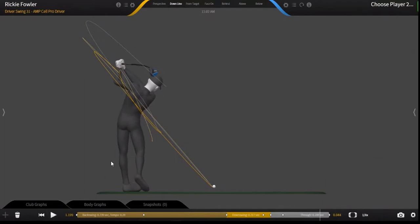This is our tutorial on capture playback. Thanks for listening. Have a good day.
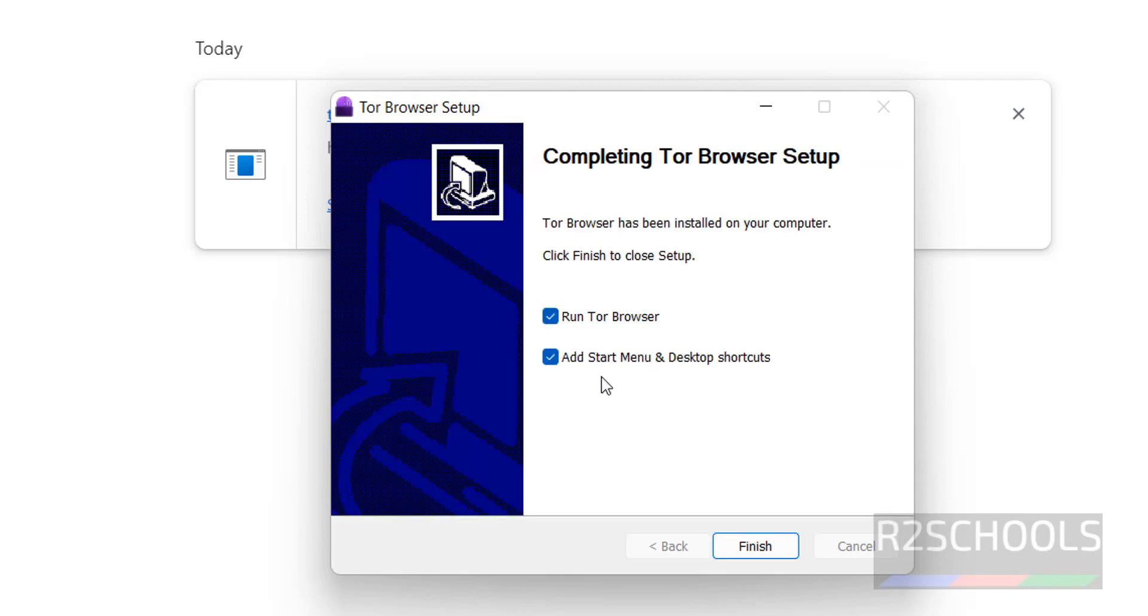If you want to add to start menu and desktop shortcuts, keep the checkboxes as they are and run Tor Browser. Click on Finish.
* * *
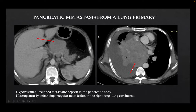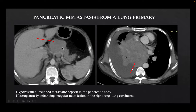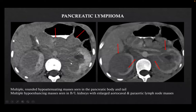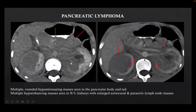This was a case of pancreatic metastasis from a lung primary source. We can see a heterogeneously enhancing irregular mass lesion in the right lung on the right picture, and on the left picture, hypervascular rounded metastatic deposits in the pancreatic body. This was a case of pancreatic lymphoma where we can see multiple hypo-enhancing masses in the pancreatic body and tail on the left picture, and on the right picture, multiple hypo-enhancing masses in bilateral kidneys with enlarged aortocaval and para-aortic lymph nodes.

## WORK REQUIRED
The result should be an exact copy of only the lines above from the one that holds "This is our" through the one that holds "If you want", both ends included, without pictures.

## REPLY TO THE TASK
This is our tutorial on capture playback. Thanks for listening. Have a good day.
If you want to add to start menu and desktop shortcuts, keep the checkboxes as they are and run Tor Browser. Click on Finish.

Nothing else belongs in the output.